# Chi-Squared Test
Chi-Squared Test is the sum of square of the Gaussian distribution.

The Chi-Squared Test is a statistics test used to determine whether there is a significant association between 2 categorical variables. It is a non-parametric test. Meaning, it does not make assumptions about the distribution of the data. The Chi-Squared Test comes in different forms,
1. Chi-Squared Test for independence:
    - Objective: To assess whether there is a significant association between two categorical variables.
    - H0: The two variables are independent.
    - H1: The two variables are not independent, there is an association.
    - Degrees of Freedom: $(r - 1) * (c - 1)$, where $r$ = number of rows, $c$ = number of columns in the contingency table.
2. Chi-Squared Test for goodness of fit:
    - Objective: To test whether the observed frequency distribution fits a theoretical (expected) distribution.

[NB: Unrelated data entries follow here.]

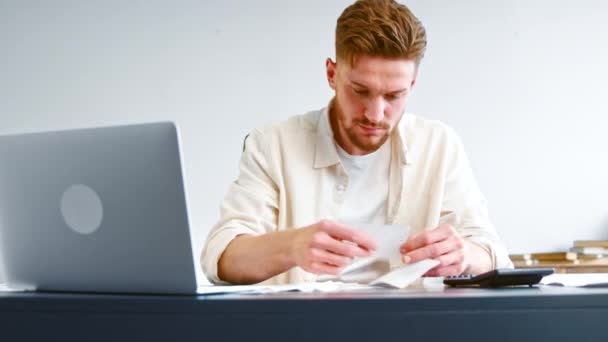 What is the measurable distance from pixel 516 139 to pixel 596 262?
72 centimetres

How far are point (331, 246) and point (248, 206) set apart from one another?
22.9 inches

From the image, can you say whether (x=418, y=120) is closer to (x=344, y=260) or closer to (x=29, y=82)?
(x=344, y=260)

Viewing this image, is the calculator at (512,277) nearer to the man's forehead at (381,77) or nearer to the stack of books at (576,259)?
the man's forehead at (381,77)

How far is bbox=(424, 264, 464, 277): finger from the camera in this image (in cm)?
141

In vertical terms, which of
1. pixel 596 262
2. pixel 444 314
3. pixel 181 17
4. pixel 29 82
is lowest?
pixel 596 262

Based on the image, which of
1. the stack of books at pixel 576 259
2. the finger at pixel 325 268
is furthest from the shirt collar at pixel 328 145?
the stack of books at pixel 576 259

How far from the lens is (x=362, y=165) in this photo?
6.20ft

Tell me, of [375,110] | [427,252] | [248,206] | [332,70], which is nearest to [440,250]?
[427,252]

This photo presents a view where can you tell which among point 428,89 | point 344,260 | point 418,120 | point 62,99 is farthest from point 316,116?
point 62,99

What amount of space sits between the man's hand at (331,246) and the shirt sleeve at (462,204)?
1.76ft

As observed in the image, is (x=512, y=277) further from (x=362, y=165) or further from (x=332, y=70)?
(x=332, y=70)

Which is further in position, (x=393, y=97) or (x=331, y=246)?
(x=393, y=97)

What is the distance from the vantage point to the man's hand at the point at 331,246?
4.01ft

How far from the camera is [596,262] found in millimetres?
3523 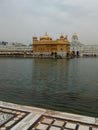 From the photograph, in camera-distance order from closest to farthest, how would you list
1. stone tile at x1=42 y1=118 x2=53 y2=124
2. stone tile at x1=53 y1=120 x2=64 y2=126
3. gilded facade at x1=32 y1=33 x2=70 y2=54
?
stone tile at x1=53 y1=120 x2=64 y2=126
stone tile at x1=42 y1=118 x2=53 y2=124
gilded facade at x1=32 y1=33 x2=70 y2=54

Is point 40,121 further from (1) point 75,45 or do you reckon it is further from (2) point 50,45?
(1) point 75,45

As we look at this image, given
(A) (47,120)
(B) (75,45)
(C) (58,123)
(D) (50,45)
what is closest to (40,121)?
(A) (47,120)

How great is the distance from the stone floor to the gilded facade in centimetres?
6994

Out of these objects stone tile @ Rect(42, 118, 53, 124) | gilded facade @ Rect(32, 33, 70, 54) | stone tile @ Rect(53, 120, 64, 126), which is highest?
gilded facade @ Rect(32, 33, 70, 54)

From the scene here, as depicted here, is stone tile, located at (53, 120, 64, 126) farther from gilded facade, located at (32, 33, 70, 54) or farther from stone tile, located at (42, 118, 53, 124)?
gilded facade, located at (32, 33, 70, 54)

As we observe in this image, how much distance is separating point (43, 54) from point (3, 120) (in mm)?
74019

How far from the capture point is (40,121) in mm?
5559

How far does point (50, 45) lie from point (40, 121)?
73604mm

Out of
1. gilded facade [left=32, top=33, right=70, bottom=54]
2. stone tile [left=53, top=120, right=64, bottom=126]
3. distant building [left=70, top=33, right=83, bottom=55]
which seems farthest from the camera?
distant building [left=70, top=33, right=83, bottom=55]

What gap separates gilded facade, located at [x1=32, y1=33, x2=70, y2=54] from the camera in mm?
76562

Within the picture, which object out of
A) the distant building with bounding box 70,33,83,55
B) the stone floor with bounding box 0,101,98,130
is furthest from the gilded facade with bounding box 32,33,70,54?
the stone floor with bounding box 0,101,98,130

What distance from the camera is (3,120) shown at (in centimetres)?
565

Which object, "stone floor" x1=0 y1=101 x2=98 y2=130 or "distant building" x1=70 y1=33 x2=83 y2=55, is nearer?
"stone floor" x1=0 y1=101 x2=98 y2=130

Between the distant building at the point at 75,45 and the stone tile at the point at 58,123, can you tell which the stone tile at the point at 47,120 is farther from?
the distant building at the point at 75,45
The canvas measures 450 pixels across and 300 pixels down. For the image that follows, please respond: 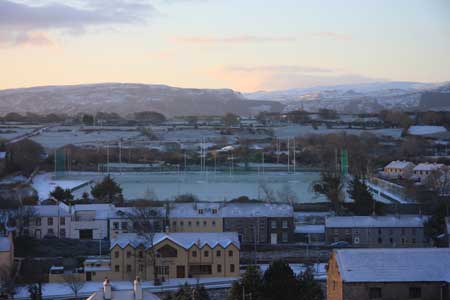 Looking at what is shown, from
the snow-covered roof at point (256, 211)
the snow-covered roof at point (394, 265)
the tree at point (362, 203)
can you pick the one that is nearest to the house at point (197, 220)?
the snow-covered roof at point (256, 211)

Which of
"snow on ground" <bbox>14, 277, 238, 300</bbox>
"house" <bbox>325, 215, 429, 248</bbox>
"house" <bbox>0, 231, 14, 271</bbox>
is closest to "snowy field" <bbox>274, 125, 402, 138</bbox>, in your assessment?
"house" <bbox>325, 215, 429, 248</bbox>

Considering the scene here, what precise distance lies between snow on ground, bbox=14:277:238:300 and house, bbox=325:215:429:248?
2.12 m

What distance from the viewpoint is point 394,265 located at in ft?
22.8

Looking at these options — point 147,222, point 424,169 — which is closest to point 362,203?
point 147,222

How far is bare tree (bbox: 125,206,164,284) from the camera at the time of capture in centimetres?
1022

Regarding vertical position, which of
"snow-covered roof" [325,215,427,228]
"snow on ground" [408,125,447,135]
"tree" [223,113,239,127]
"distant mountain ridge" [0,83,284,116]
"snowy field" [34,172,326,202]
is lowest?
"snowy field" [34,172,326,202]

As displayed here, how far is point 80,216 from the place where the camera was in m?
12.2

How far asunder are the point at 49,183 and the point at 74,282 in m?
9.92

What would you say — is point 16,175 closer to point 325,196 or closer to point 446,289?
point 325,196

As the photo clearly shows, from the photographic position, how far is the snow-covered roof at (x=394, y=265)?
6859mm

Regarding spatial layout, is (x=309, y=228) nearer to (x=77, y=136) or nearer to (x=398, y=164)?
(x=398, y=164)

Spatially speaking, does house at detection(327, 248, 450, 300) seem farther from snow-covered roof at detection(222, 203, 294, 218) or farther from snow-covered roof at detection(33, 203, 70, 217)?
snow-covered roof at detection(33, 203, 70, 217)

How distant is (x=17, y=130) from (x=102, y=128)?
11.1ft

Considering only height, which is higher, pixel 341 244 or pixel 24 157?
pixel 24 157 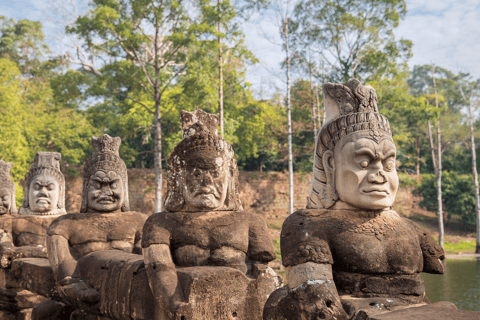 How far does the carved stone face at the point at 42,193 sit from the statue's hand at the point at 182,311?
382 cm

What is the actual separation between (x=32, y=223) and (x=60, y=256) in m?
1.84

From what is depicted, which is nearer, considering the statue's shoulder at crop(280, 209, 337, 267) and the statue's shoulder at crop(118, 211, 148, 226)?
the statue's shoulder at crop(280, 209, 337, 267)

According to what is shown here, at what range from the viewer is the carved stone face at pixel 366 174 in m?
2.79

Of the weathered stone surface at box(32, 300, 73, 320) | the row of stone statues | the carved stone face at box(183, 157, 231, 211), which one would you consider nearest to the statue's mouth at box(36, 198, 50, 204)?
the row of stone statues

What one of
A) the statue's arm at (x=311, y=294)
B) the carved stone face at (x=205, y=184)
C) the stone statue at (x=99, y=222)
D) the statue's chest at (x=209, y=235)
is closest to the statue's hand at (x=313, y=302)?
the statue's arm at (x=311, y=294)

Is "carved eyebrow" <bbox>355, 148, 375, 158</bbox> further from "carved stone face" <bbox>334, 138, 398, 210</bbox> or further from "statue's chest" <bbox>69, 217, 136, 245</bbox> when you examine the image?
"statue's chest" <bbox>69, 217, 136, 245</bbox>

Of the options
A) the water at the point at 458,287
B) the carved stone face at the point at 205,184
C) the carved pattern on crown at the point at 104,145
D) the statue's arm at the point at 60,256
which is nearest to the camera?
the carved stone face at the point at 205,184

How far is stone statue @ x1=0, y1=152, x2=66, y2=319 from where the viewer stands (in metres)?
6.02

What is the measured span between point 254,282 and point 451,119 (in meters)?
25.2

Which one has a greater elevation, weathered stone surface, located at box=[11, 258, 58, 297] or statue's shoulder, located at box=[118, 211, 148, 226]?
statue's shoulder, located at box=[118, 211, 148, 226]

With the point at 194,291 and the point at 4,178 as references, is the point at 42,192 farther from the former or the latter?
the point at 194,291

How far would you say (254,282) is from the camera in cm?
368

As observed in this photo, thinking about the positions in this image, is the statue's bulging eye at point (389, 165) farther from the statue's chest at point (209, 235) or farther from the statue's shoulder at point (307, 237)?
the statue's chest at point (209, 235)

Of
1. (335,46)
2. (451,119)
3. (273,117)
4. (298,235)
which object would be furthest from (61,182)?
(451,119) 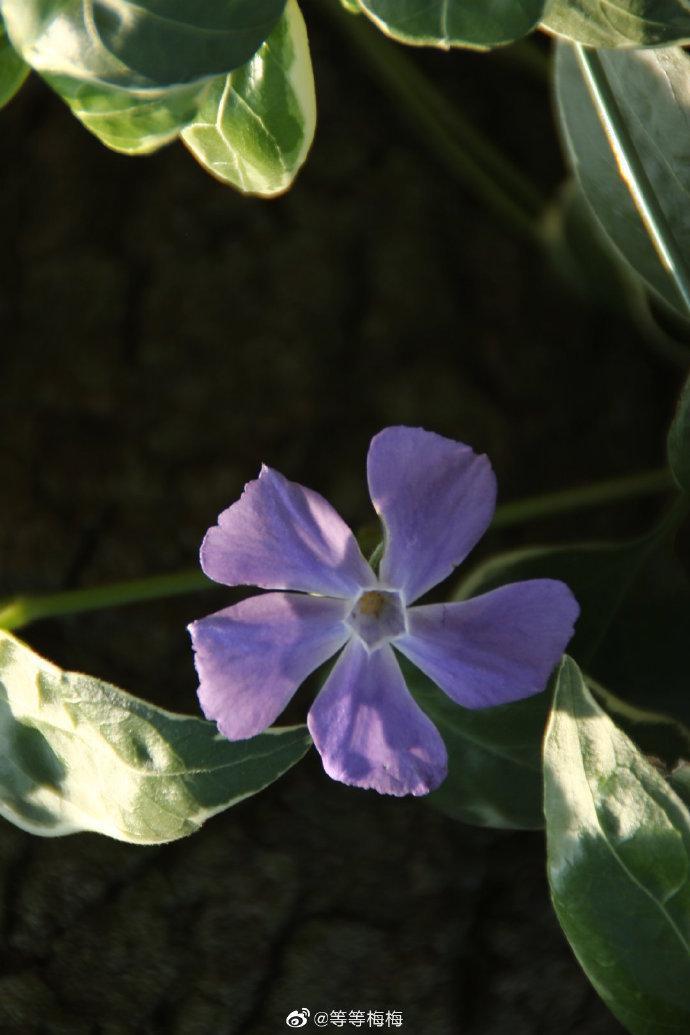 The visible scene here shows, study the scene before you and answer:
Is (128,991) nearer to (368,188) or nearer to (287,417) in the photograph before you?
(287,417)

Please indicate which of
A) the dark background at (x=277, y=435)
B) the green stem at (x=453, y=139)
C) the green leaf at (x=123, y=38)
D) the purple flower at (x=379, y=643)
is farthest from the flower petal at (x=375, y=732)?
the green stem at (x=453, y=139)

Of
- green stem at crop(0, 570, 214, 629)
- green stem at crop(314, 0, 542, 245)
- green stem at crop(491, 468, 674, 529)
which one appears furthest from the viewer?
green stem at crop(314, 0, 542, 245)

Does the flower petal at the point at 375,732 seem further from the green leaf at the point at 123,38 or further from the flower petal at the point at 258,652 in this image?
the green leaf at the point at 123,38

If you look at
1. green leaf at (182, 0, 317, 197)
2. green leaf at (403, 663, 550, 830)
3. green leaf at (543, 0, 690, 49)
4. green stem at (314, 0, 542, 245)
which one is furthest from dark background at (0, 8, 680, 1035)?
green leaf at (543, 0, 690, 49)

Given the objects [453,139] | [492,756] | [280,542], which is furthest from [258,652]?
[453,139]

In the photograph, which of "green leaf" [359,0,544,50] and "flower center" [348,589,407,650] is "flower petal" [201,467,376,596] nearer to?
"flower center" [348,589,407,650]
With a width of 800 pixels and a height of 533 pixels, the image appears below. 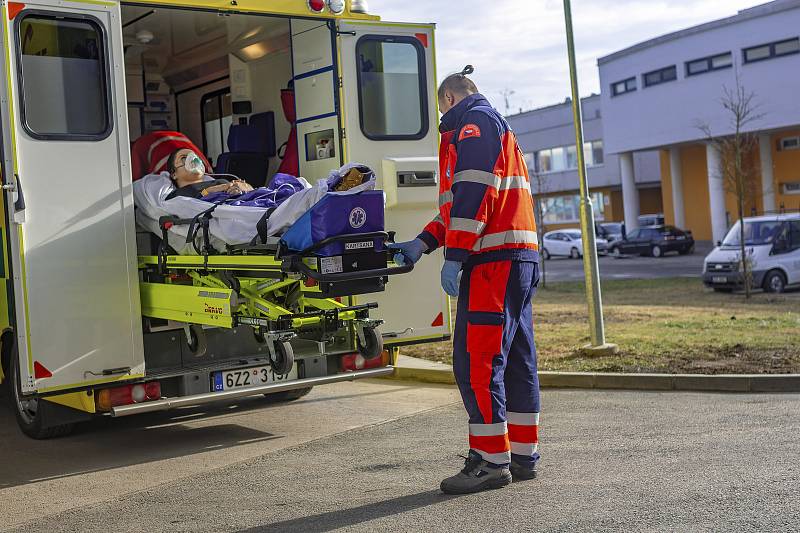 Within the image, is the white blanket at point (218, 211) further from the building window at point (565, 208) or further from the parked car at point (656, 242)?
the building window at point (565, 208)

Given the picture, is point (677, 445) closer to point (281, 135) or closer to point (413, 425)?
point (413, 425)

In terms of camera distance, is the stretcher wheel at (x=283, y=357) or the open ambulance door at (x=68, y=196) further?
the open ambulance door at (x=68, y=196)

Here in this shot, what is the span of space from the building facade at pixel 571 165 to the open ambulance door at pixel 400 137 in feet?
159

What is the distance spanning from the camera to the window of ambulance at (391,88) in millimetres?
8047

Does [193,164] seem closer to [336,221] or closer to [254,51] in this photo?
[254,51]

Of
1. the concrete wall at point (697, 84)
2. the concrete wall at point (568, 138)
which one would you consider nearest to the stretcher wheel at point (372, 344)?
the concrete wall at point (697, 84)

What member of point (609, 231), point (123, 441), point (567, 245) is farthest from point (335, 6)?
point (609, 231)

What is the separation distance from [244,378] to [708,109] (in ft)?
123

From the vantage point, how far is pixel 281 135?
9.46m

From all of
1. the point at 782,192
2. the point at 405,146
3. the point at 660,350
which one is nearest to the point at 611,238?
the point at 782,192

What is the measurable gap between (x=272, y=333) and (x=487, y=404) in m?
1.39

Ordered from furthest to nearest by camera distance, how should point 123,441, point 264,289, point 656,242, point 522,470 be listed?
point 656,242 < point 123,441 < point 264,289 < point 522,470

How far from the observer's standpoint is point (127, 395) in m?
6.96

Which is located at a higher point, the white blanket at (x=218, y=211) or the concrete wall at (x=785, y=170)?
the concrete wall at (x=785, y=170) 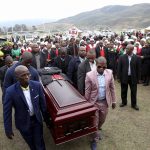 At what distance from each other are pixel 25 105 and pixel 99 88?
63.6 inches

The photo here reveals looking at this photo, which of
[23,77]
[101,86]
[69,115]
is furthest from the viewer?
[101,86]

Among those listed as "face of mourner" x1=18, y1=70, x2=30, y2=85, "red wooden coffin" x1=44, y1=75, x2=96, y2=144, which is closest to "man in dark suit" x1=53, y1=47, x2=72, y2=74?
"red wooden coffin" x1=44, y1=75, x2=96, y2=144

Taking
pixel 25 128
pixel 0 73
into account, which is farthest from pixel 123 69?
pixel 25 128

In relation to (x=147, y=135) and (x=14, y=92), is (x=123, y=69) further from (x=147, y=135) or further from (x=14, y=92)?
(x=14, y=92)

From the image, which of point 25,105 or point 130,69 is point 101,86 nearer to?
point 25,105

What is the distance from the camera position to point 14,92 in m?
4.01

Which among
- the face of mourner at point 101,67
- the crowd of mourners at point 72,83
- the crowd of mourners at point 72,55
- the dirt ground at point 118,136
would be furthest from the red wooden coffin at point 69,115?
the crowd of mourners at point 72,55

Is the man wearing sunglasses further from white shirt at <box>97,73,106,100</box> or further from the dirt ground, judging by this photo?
the dirt ground

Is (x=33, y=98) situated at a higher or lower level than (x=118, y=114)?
higher

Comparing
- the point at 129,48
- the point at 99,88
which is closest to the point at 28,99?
the point at 99,88

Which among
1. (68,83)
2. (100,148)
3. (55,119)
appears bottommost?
(100,148)

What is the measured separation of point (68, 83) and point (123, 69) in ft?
7.86

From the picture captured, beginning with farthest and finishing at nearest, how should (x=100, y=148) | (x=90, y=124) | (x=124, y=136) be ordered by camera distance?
(x=124, y=136)
(x=100, y=148)
(x=90, y=124)

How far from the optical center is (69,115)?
445 centimetres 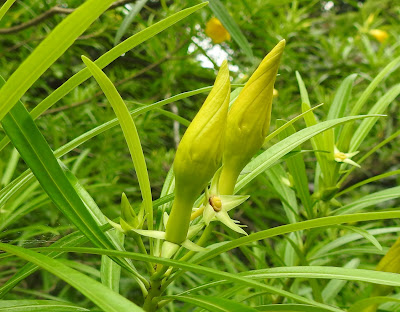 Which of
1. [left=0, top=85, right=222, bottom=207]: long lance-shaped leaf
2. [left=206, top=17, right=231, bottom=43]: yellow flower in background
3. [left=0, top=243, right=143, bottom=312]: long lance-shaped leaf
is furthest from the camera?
[left=206, top=17, right=231, bottom=43]: yellow flower in background

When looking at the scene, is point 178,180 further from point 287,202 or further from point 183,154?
point 287,202

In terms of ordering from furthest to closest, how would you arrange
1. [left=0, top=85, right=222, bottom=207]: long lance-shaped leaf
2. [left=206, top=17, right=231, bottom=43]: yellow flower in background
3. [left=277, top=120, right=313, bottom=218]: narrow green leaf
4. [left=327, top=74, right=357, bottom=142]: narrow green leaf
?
[left=206, top=17, right=231, bottom=43]: yellow flower in background < [left=327, top=74, right=357, bottom=142]: narrow green leaf < [left=277, top=120, right=313, bottom=218]: narrow green leaf < [left=0, top=85, right=222, bottom=207]: long lance-shaped leaf

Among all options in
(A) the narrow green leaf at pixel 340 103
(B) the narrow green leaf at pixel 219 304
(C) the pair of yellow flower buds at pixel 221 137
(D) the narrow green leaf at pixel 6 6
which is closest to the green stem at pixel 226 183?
(C) the pair of yellow flower buds at pixel 221 137

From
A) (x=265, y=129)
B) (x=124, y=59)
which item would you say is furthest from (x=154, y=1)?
(x=265, y=129)

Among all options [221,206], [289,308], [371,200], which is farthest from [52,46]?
[371,200]

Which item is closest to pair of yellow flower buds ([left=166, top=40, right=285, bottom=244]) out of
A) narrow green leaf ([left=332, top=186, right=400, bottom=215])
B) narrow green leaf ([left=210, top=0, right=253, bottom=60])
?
narrow green leaf ([left=332, top=186, right=400, bottom=215])

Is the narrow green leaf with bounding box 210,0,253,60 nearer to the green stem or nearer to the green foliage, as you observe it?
the green foliage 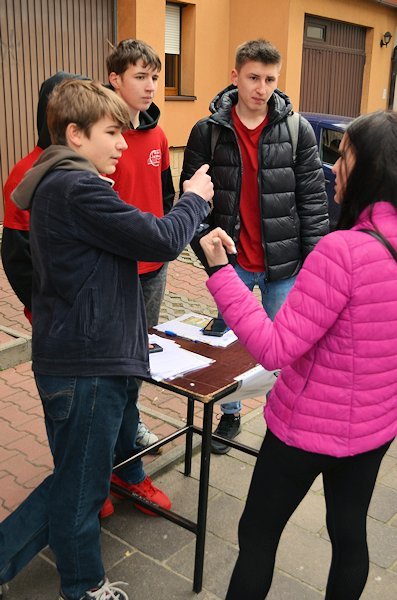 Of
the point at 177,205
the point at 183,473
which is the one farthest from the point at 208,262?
the point at 183,473

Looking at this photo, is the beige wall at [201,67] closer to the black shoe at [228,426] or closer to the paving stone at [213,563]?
the black shoe at [228,426]

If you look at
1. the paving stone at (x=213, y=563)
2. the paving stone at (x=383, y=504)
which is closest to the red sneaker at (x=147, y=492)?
the paving stone at (x=213, y=563)

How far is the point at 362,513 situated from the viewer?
1857 millimetres

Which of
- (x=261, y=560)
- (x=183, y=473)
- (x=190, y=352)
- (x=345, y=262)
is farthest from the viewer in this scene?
(x=183, y=473)

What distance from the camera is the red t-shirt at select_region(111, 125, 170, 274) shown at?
2910 millimetres

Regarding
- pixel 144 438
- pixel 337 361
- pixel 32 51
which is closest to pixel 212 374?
pixel 337 361

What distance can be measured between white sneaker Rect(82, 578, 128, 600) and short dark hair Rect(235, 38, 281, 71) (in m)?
2.39

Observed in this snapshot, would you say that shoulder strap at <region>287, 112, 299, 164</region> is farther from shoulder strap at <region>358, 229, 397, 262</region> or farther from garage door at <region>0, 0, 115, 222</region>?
garage door at <region>0, 0, 115, 222</region>

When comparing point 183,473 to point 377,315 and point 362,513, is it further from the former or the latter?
point 377,315

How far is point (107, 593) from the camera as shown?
2254 millimetres

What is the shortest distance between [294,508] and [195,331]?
1.15 metres

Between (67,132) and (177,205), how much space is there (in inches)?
16.3

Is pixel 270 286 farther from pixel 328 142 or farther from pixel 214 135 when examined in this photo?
pixel 328 142

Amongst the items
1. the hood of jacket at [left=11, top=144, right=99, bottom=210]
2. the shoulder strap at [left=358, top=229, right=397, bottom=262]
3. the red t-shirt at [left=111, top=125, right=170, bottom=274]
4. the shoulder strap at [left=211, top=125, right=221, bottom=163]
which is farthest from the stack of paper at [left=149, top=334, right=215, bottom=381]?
the shoulder strap at [left=211, top=125, right=221, bottom=163]
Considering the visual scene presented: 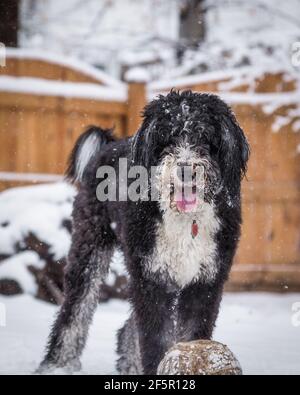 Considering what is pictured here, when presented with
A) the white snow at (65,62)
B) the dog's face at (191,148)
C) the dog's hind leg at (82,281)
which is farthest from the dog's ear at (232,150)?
the white snow at (65,62)

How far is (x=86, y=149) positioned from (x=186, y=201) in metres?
1.42

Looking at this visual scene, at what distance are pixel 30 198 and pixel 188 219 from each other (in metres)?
3.74

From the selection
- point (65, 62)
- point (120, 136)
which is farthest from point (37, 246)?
point (65, 62)

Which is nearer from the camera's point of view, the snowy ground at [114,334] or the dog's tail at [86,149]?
the snowy ground at [114,334]

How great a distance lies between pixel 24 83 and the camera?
25.2 feet

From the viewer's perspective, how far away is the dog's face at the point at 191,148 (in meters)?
3.44

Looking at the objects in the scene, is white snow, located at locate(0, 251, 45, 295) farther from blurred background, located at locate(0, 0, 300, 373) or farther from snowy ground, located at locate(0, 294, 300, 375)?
snowy ground, located at locate(0, 294, 300, 375)

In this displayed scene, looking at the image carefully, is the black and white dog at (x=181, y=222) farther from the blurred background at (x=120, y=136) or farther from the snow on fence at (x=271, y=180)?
the snow on fence at (x=271, y=180)

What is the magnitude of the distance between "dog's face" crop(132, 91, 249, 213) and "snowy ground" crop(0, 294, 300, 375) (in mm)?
1162

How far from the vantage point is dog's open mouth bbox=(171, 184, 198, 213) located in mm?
3451

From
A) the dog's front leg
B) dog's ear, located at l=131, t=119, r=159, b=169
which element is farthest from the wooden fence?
the dog's front leg

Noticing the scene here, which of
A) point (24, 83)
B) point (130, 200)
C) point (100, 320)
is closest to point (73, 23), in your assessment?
point (24, 83)

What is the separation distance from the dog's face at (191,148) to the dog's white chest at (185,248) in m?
0.10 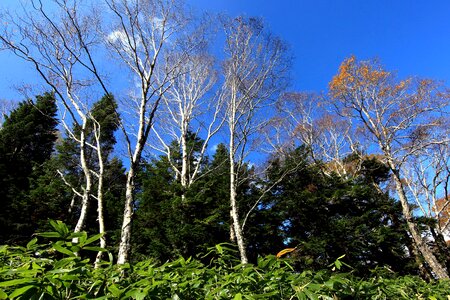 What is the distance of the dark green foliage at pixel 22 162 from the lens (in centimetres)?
1232

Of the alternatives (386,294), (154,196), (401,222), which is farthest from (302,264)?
(386,294)

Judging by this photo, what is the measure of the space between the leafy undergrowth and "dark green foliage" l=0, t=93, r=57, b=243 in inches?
509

    - H0: The observed and expected frequencies do not differ significantly.
    - H1: The observed and the expected frequencies differ significantly.
    - Degrees of Freedom: $(k - 1)$, where $k$ is the number of categories.

In both forms of Chi-Squared test, the test statistic is compared to a critical value from the Chi-Squared distribution to determine the statistical significance. If the test statistic is larger than the critical value, the null hypothesis is rejected.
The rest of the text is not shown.